Porritt sends a strangely familiar stand-in – Jonathon Porritt at Swindon Festival of Literature

15 May
Jonathon Porritt...or is it Alex McKay? ©Calyx Pictures

Jonathon Porritt…or is it Alex McKay? ©Calyx Pictures

So, Jonathon Porritt couldn’t make today’s event. In his stead was Alex McKay from 2050.

Alex looked a lot like Jonathon and sounded a lot like Jonathon and we were all giggling at the shared joke.

Festival Director Matt Holland confided afterwards that Jonathon arrived at Swindon Arts Centre with minutes to spare having arrived that day from some far flung place. Festival attenders arrived at the venue and saw an anxious director fretting at the lack of an author so Matt and Jonathon decided to cook up a little performance to defuse the anxiety.

Alex McKay is the persona Jonathon uses in his book, The World We Made. It is him, transplanted some three and a half decades hence.

It made the potentially dry and depressing subject of climate change fun and hopeful. We laughed a lot.

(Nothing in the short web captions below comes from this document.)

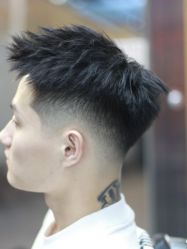 -爱秀造型 T-G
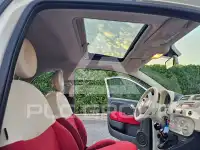 2010 Fiat 500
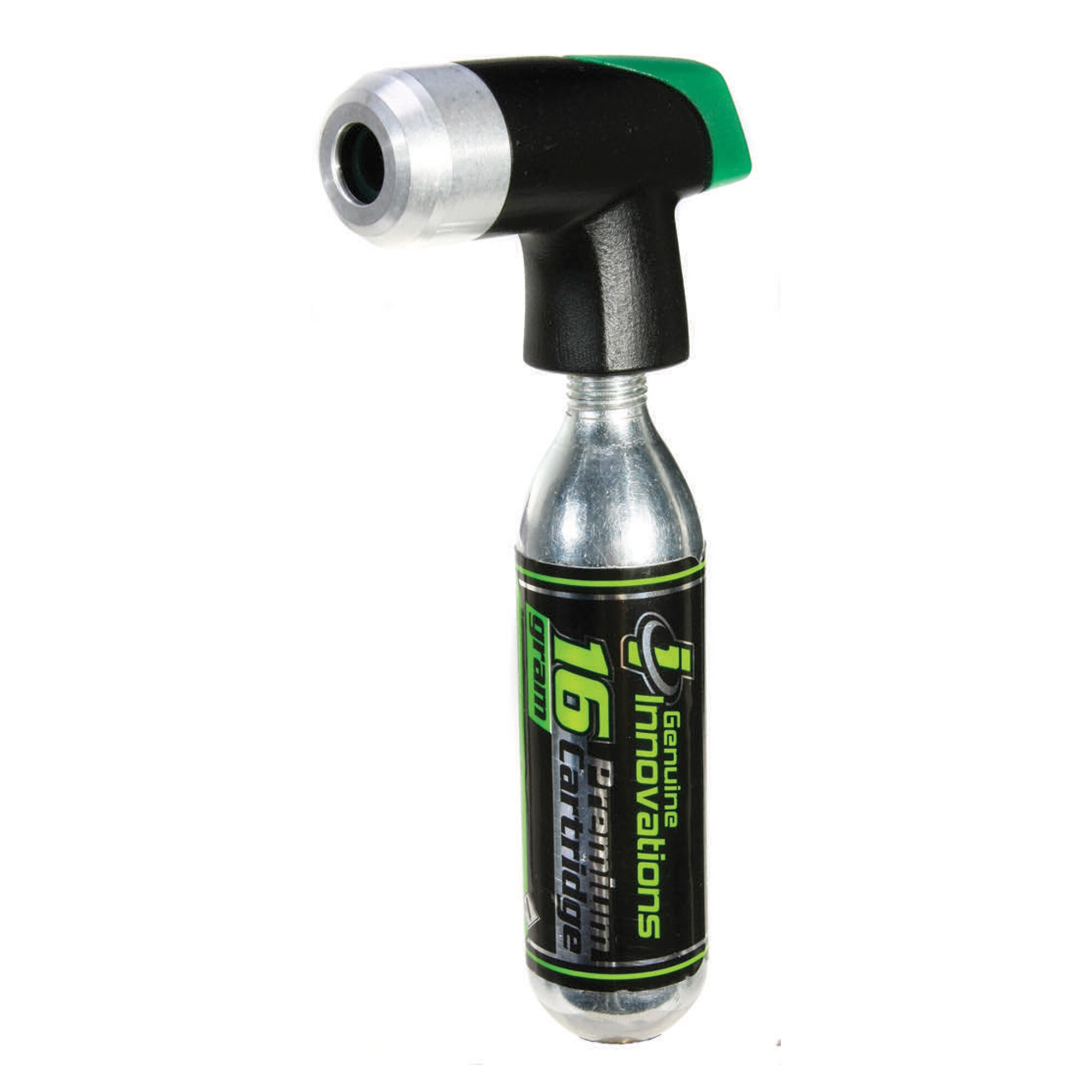 CO2 Cyclone Bicycle Supply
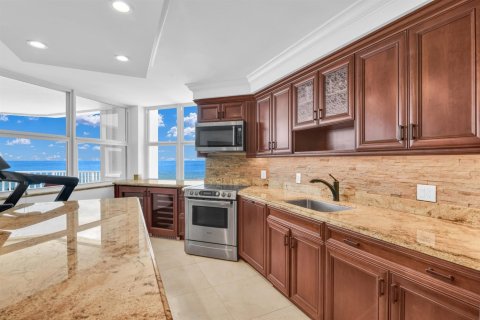 Condominio en alquiler en Pompano Beach, Florida, 2 dormitorios, 134.71 m2 № 2084973 - foto 21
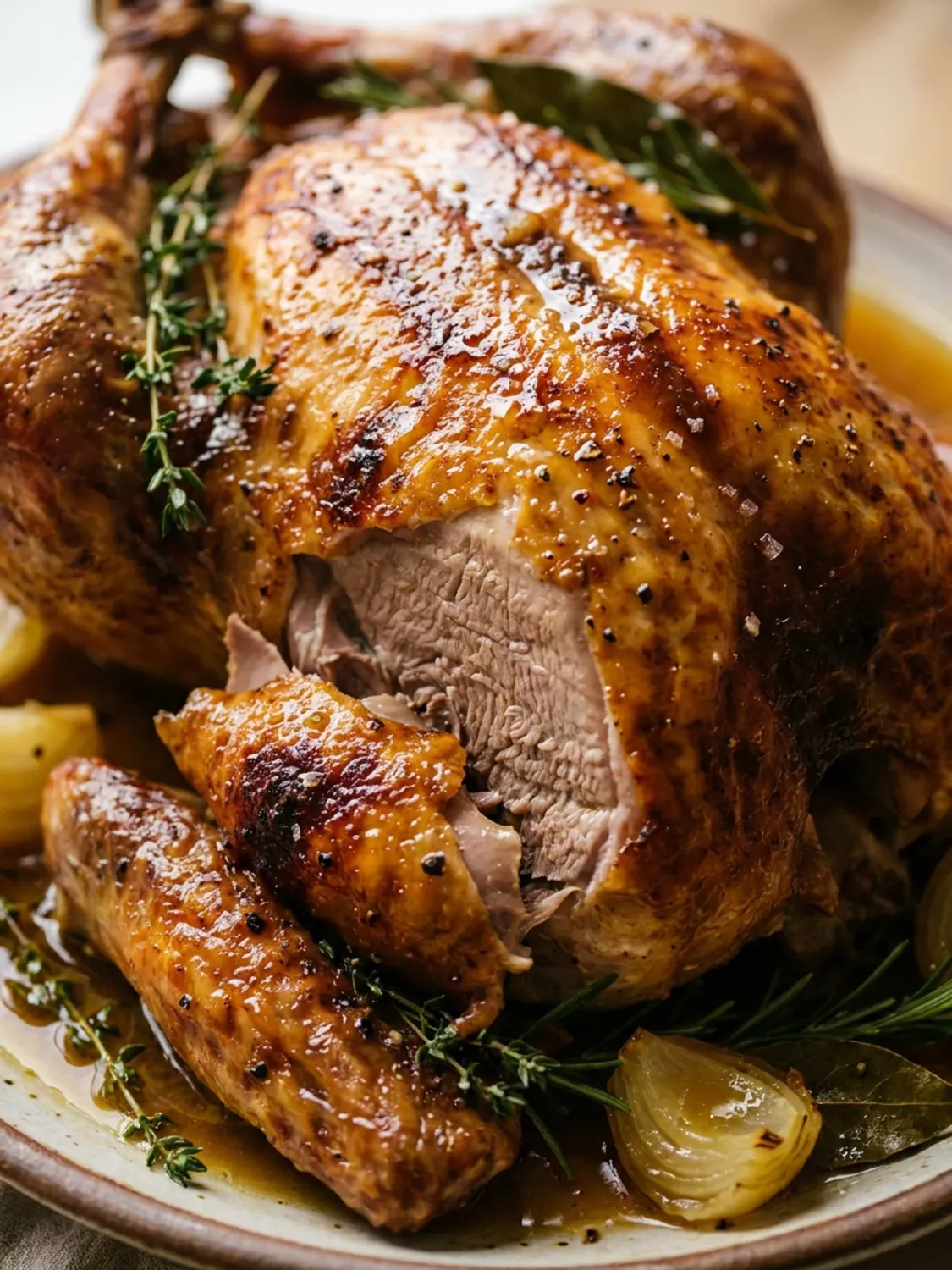 Thanksgiving recipes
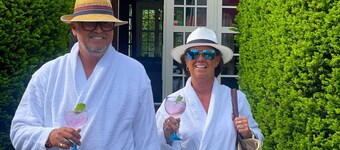 Hotel Dannegården Trelleborg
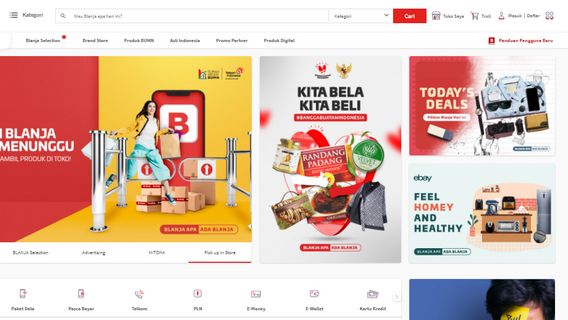 Six Years Of Operation, Telkom Shuts Down E-Commerce Site BLANJA.com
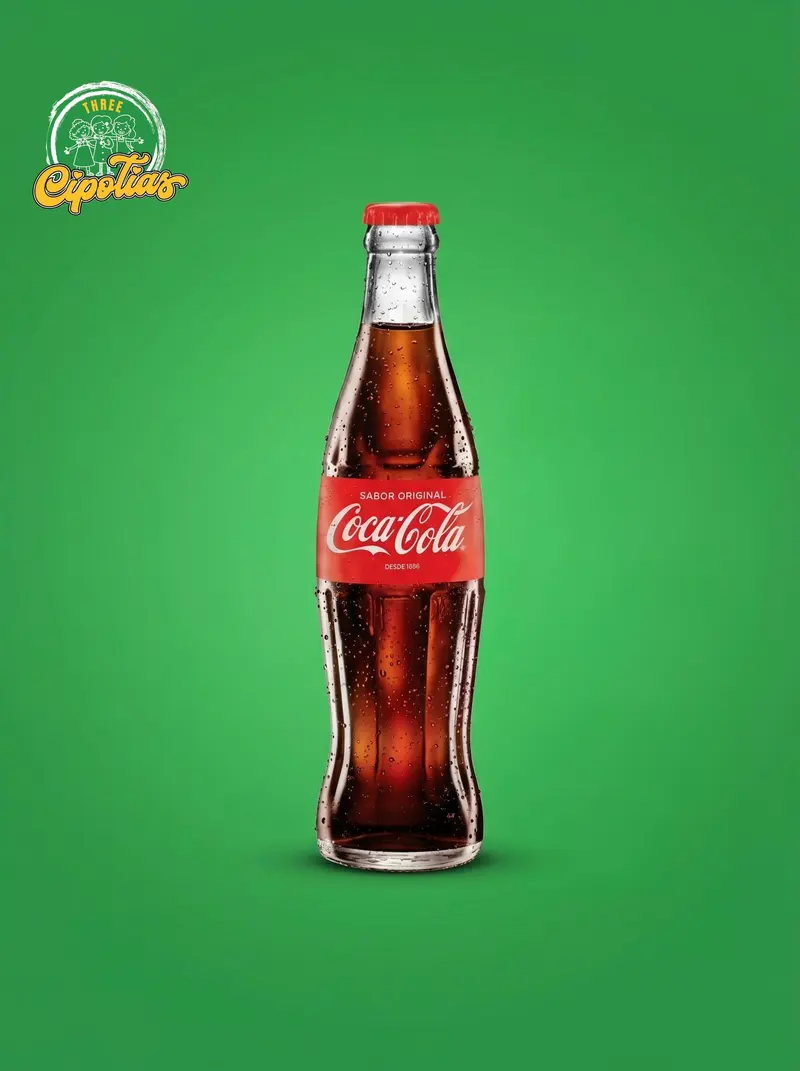 Coca-Cola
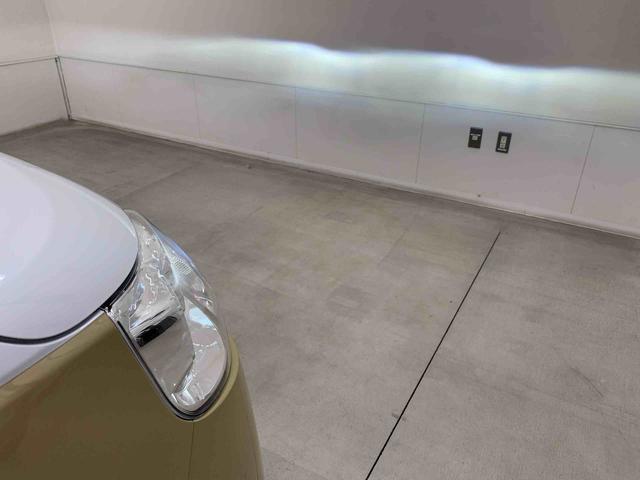 ムーヴキャンバスストライプスＧ　４ＷＤ両側電動スライドドア・ＬＥＤヘッドライト・オートライト・オートマチックハイビーム・プッシュスタートボタン・アイドリングストップ・シートヒーター・電動パーキングブレーキ・スマートアシスト（群馬県）の中古車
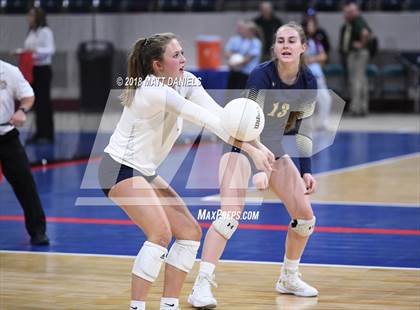 Thumbnail 1 in Palmer Ridge vs. Ponderosa (CHSAA 4A Playoff) photogallery.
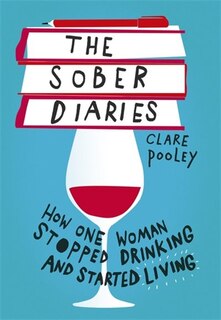 Front cover_The Sober Diaries
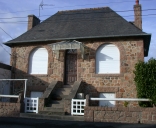 Maison, 8 rue Bertrand Duguesclin (Perros-Guirec)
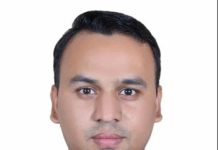 ইউথ লিডালশীপ সামিটে যোগ দিতে অস্ট্রেলিয়া গেলেন অ্যাডভোকেট নাজমুল হাসান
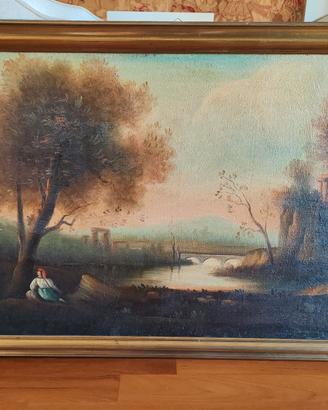 Quadro del 1800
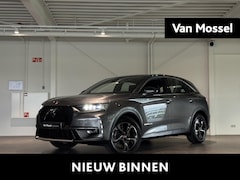 DS 7 Crossback - 1.6 PureTech Performance Line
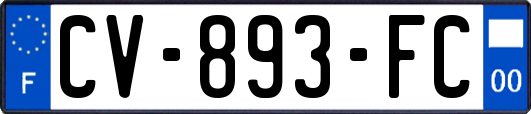 CV-893-FC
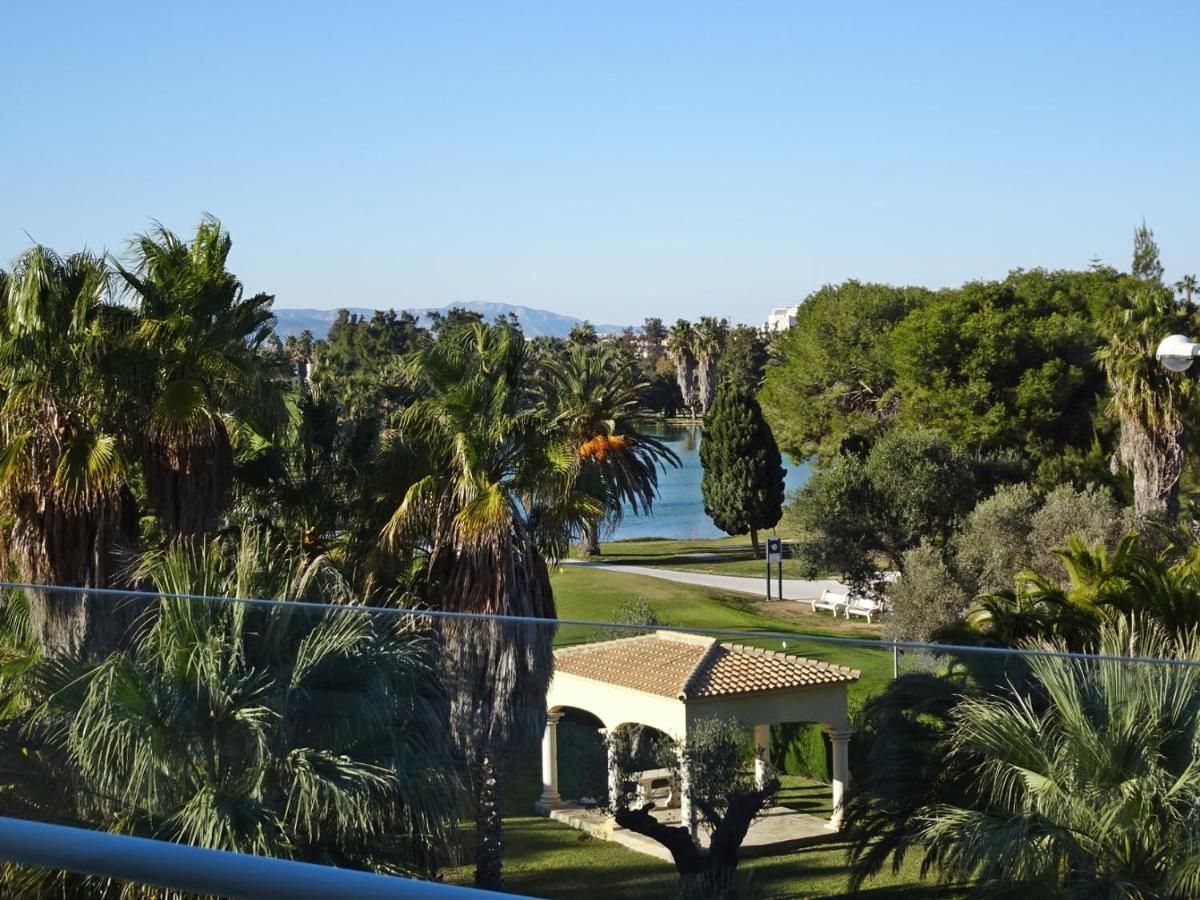 Golf Y Mar - Nova *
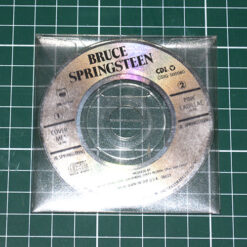 Bruce Springteen - Cover Me & Pink Cadillac [1984] MiniCd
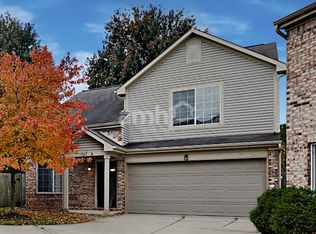 9863 Worthington Blvd, Fishers, IN 46038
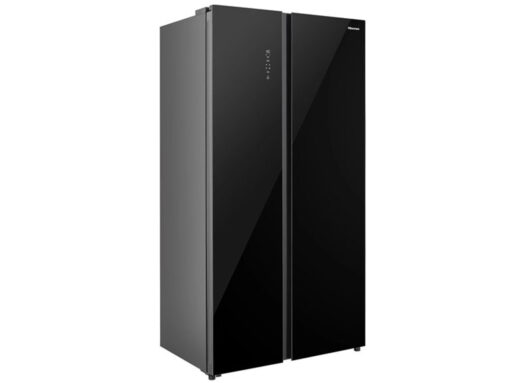 Tủ Lạnh Hisense Inverter 544 Lít RS708N4EBU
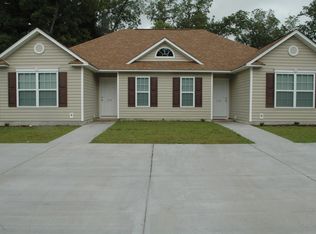 Avalon Townhomes - 340, Orangeburg, SC 29115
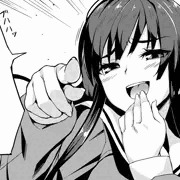 せっかく描いたので・・・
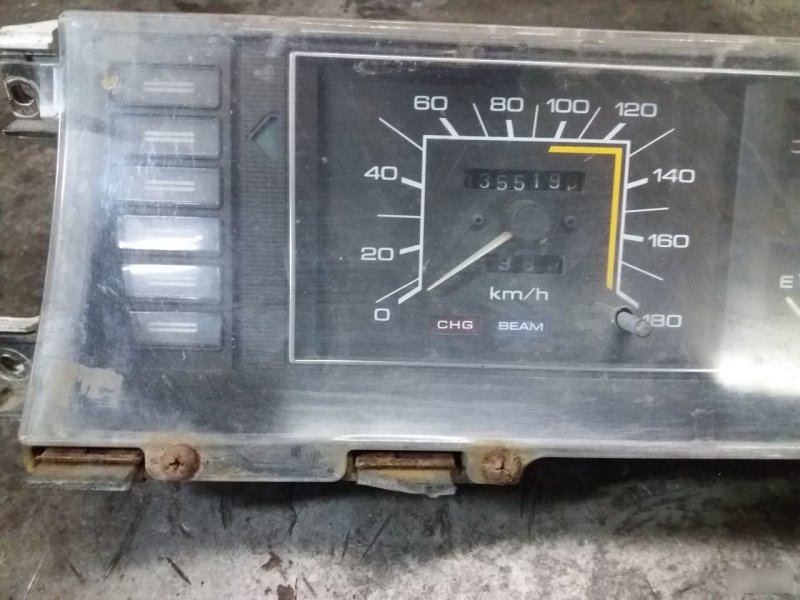 Панель приборов, 3080 рублей, Калининград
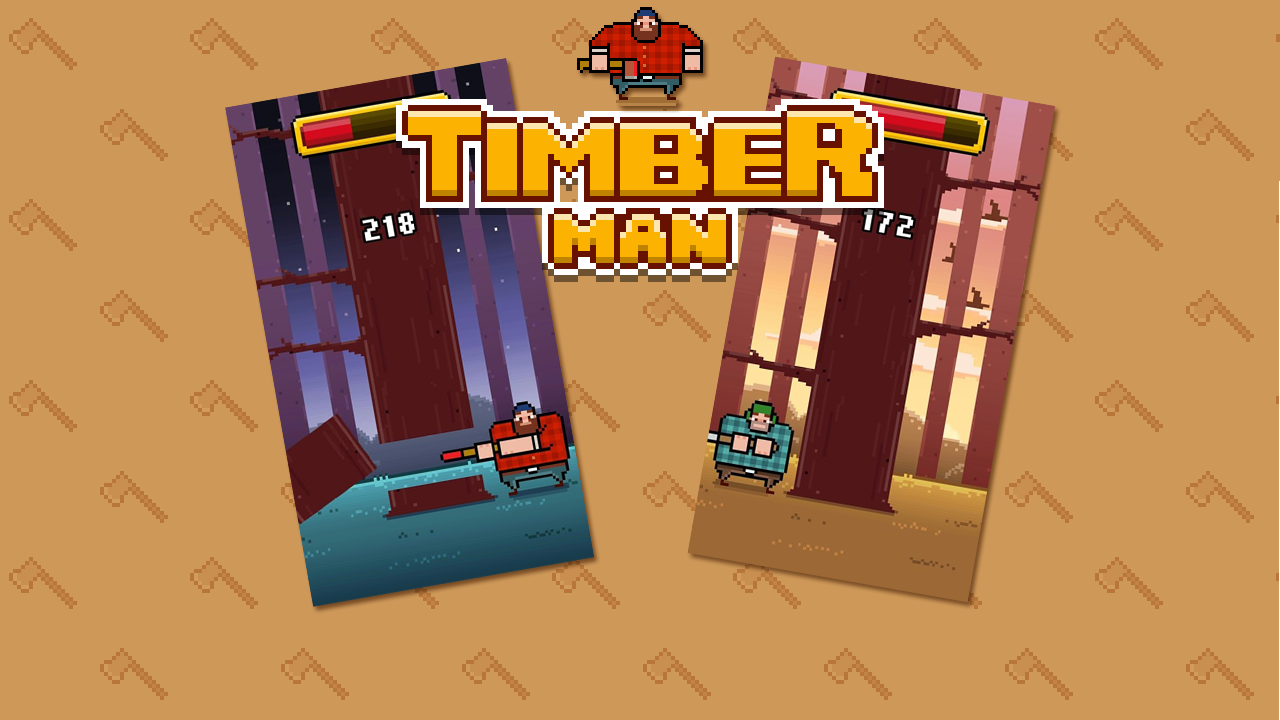 Timberman: 6 consejos par…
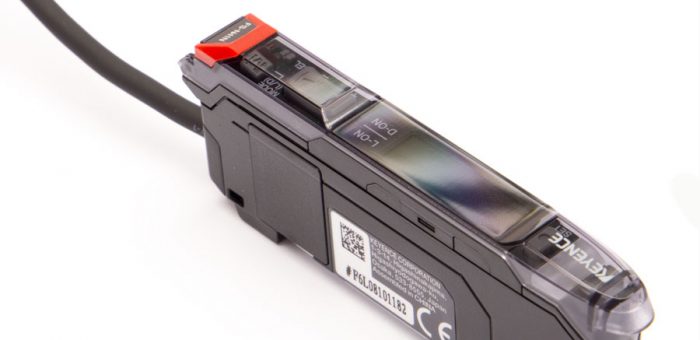 Jual Keyence Fiber Optic FS-N11N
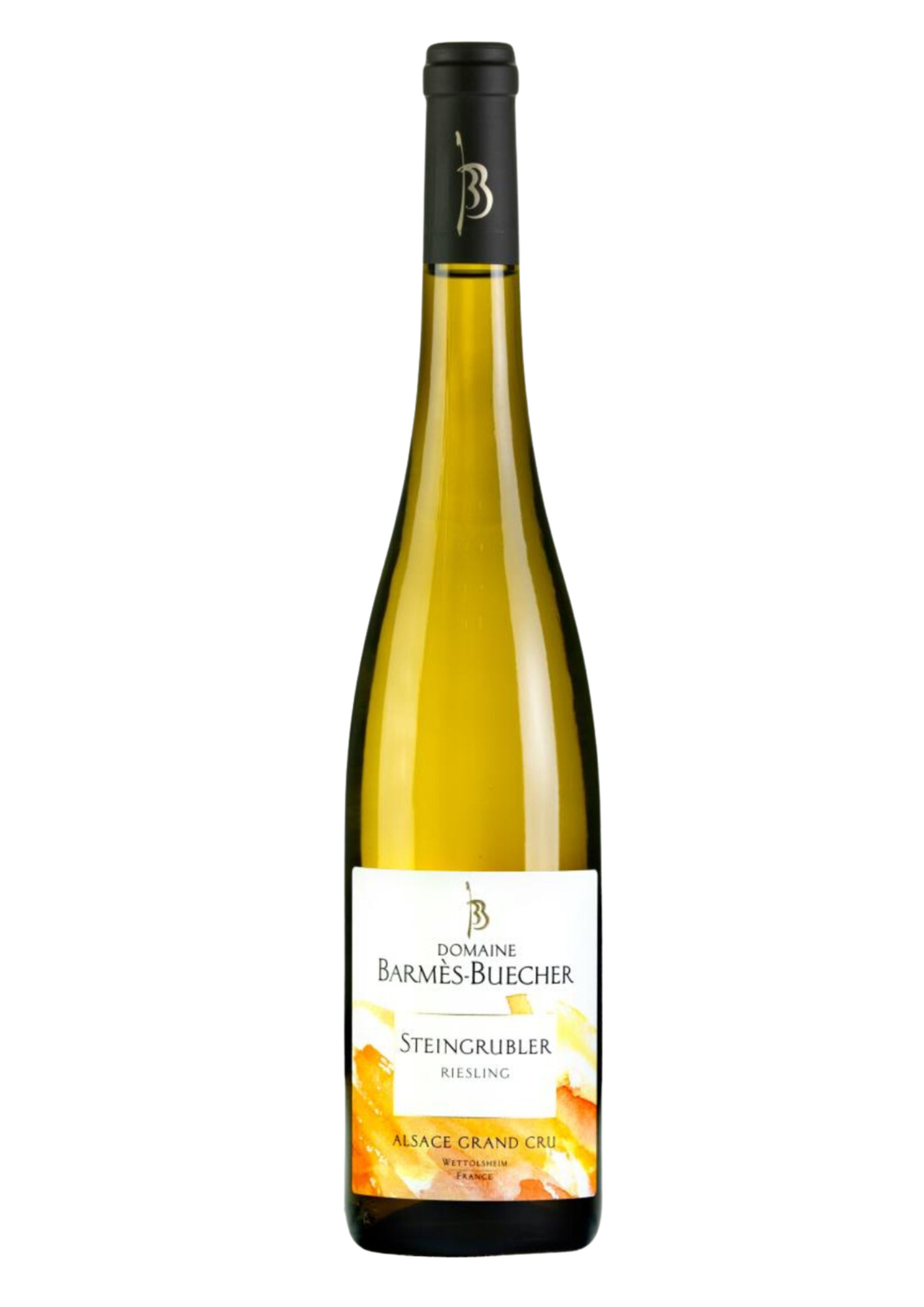 Barmes Buecher gc riesling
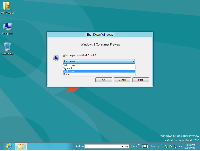 Windows 8 Consumer Preview, obrázek 3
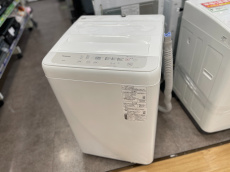 洗濯機 <NEW>掘り出し物が買取新入荷！通販サイトもお得｜トレファク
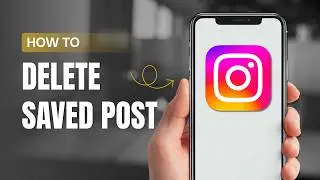 How To Delete All Saved Posts On Instagram?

I could tell Jonathon has spent 40 years interesting people in ecology and green issues.

‘Alex’ told us a tale of how humankind had recovered from a horrible disaster a couple of years before (Bangladesh was no more) but, because of the work we’d done in the last thirty years, climate change was no longer the runaway phenomenon.

Swindon got plenty of mentions; an excellent device: ‘Swindon got on board with this…did that…was first with the other over the last thirty years’. It made me feel that, yes, Swindon could be that place, that town which played a major role in halting the awful progress of climate change.

Reverting to his modern day persona, Jonathon engaged in the audience questions, one of the best speakers of the Festival to actually answer what was asked rather than repeat their own messages. And Jonathon doesn’t mince his words, in the nicest possible way.

Here are a few choice quotes (excuse the paraphrasing):-

‘America has gone collectively mad.’ He explained that US Federal policy is non-existence and individual states set their own climate change policies.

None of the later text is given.